Recommendation: Always run analysis scripts from repo root for consistent behavior.


CryoFlux Lab – Efficiency Analysis

The CryoFlux Lab provides read-only analysis tools for studying energy-to-learning efficiency without modifying core learning behavior.

Energy Efficiency Metric (η)

Define η (eta) as the energy-to-learning efficiency:

$$\eta = \frac{\Delta}{\text{joules spent}}$$

Interpretation:

  • Higher η = more learning per joule (better efficiency)
  • η varies by task type (index_refresh typically ~0.015, lora_delta typically ~0.000003)
  • Rejected updates have Δ=0 → η=0

Example:

  • Task A: 100J → Δ=0.01 → η=0.0001
  • Task B: 80J → Δ=0.03 → η=0.000375 ✓ (more efficient)

Usage Workflow

1. Run CryoFlux and generate receipts:

.\scripts\dev_run.ps1
# Let it run for a while to accumulate receipts

2. Update task statistics (for scheduler):

python analysis/update_task_stats.py

Output:

============================================================
CryoFlux Lab - Task Statistics Aggregator
============================================================
[INFO] Ensured receipts_canonical view exists
[update_task_stats] task_stats table ready
[update_task_stats] Updated index_refresh: runs=30, η_avg=0.015000
[update_task_stats] Updated lora_delta: runs=12, η_avg=0.000003
[update_task_stats] Successfully updated 2 task(s)

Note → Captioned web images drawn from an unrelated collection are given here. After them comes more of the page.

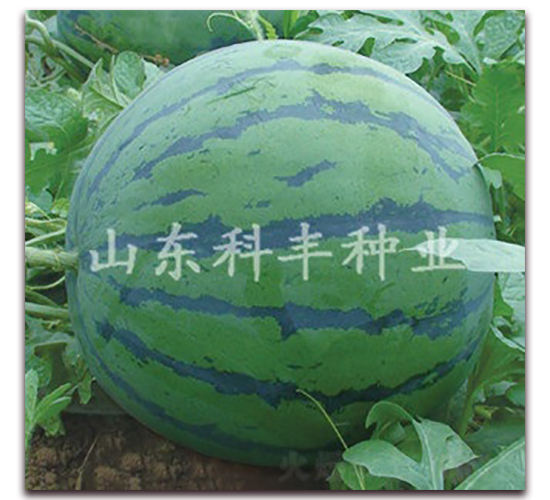 ɽ�Ƽt��-���ϷN��-���S�N�I(y��)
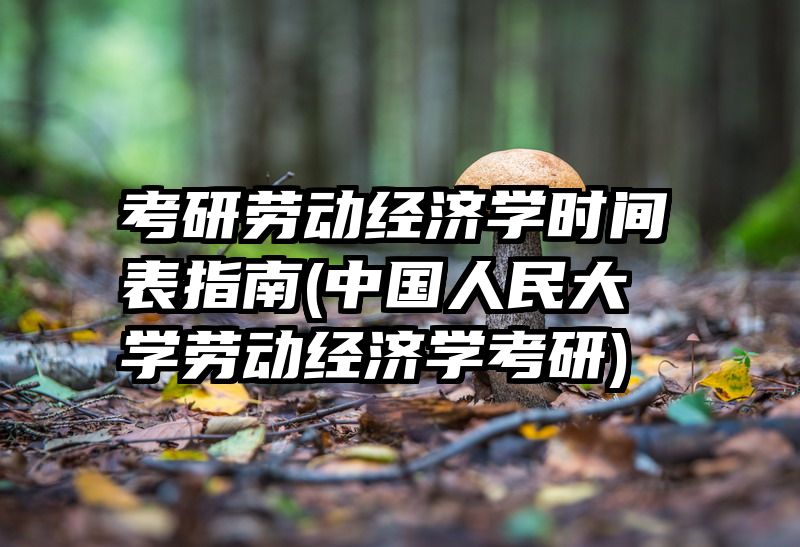 考研劳动经济学时间表指南(中国人民大学劳动经济学考研)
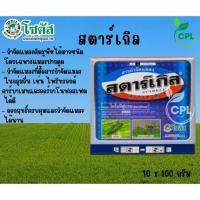 ราคา สตาร์เกิล ไดโนทีฟูแรน (โซตัส) 1กิโลกรัม (28263325662)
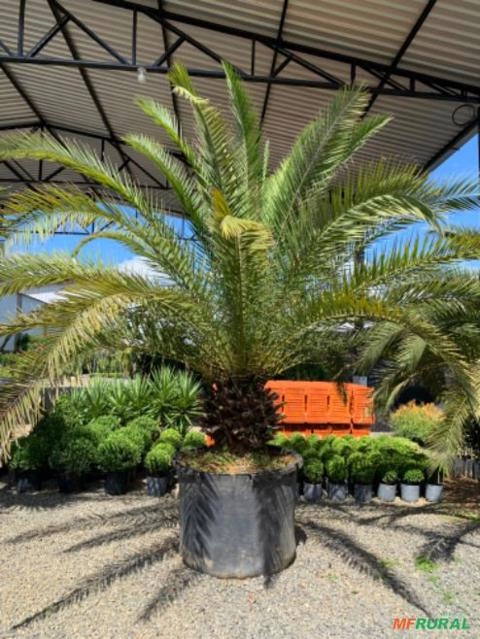 Plantas diversas Imagem Plantas diversas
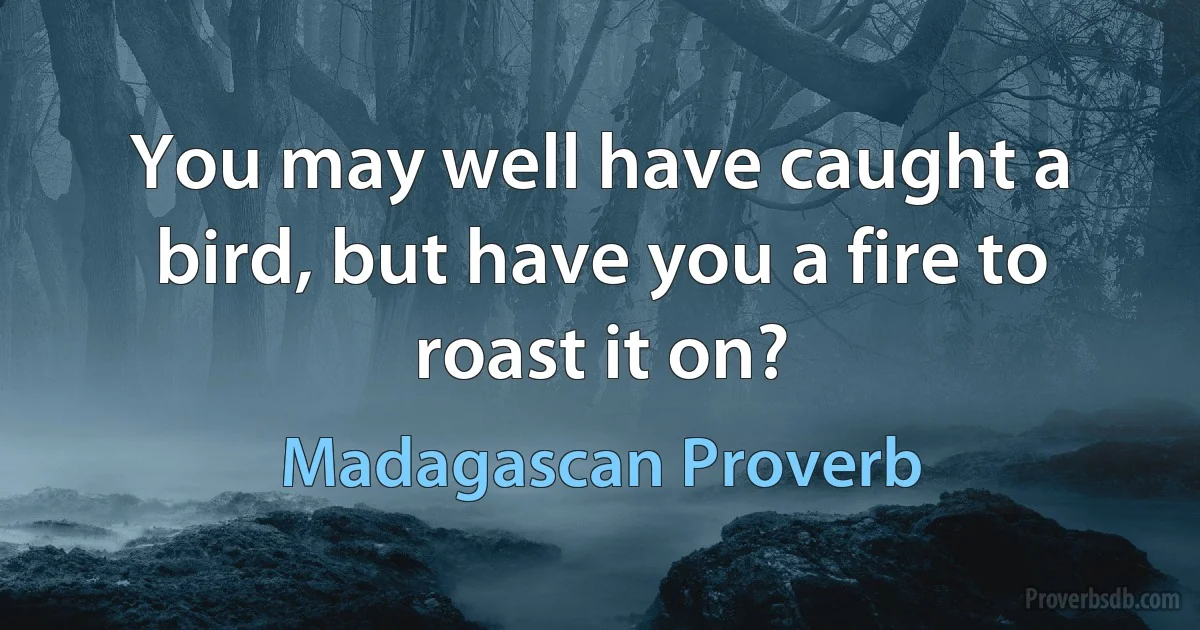 You may well have caught a bird, but have you a fire to roast it on? (Madagascan Proverb)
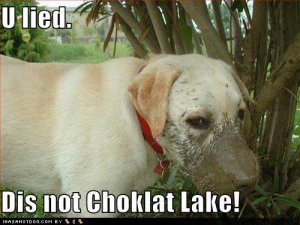 loldogsulieddisnotchoklatlake.jpg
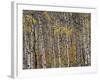 Fall Colors on Aspen Trees, Maroon Bells, Snowmass Wilderness, Colorado, USA-Gavriel Jecan-Framed Photographic Print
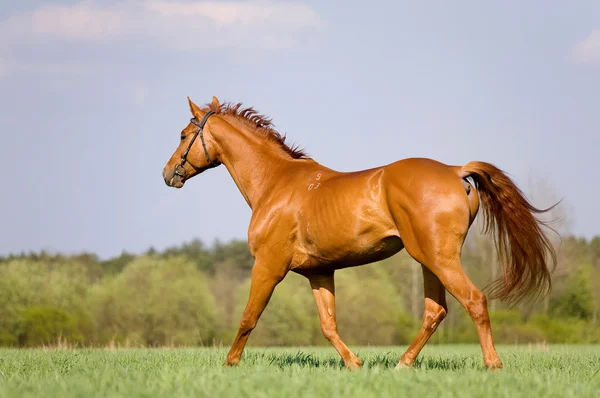 Chestnut horse trotting in field — Stock Photo, Image
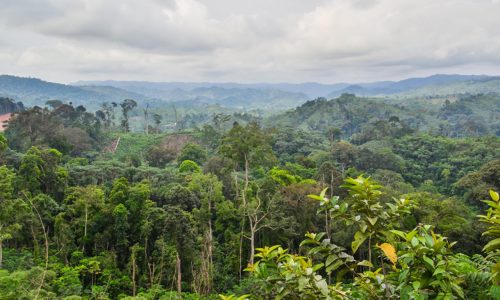 Financiamento Verde, Muito Necessário para a África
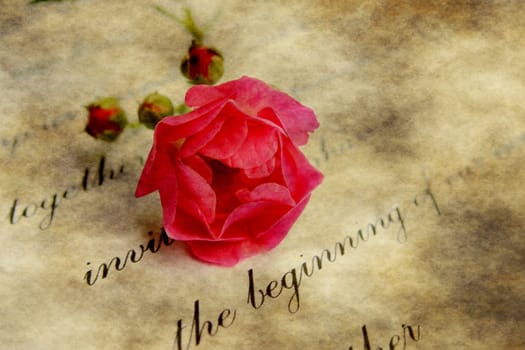 Love letter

3. Generate efficiency report:

# Global report
python analysis/report.py

# Focus on specific task
python analysis/report.py --task lora_delta

# Include rolling η over last 20 receipts
python analysis/report.py --task index_refresh --window 20

# Use custom database path
python analysis/report.py --db ./custom/path/receipts.db

Example output:

============================================================
CryoFlux Lab – Efficiency Report
============================================================

[INFO] Using database: ./state/receipts.db

[GLOBAL METRICS]
  Total receipts:        42
  Accepted:              38 (90.5%)
  Rejected:              4  (9.5%)
  Total joules spent:    2040.00 J
  Total Δ:               0.4500
  Mean η (Δ/J):          0.000221

[BY TASK]
  Task                 Runs     J_total      Δ_total      η_avg           Accept%
  ---------------------------------------------------------------------------------------
  index_refresh        30       600.0        0.4500       0.000750        100.0
  lora_delta           12       1440.0       0.0000       0.000000        0.0

[ROLLING η (window=20)]
  Recent 20 receipts:
    Average η: 0.000650
    Receipt IDs: 23 - 42

============================================================
Report complete
============================================================

4. Visualize η over time (optional):

# Install matplotlib (one-time)
pip install matplotlib

# Generate global plot
python analysis/plot_eta.py

# Plot specific task with rolling average
python analysis/plot_eta.py --task lora_delta --window 10

# Custom output path
python analysis/plot_eta.py --output ./my_eta_plot.png

Output: Saves plot to ./state/eta_global.png (or ./state/eta_TASK.png for task-specific plots)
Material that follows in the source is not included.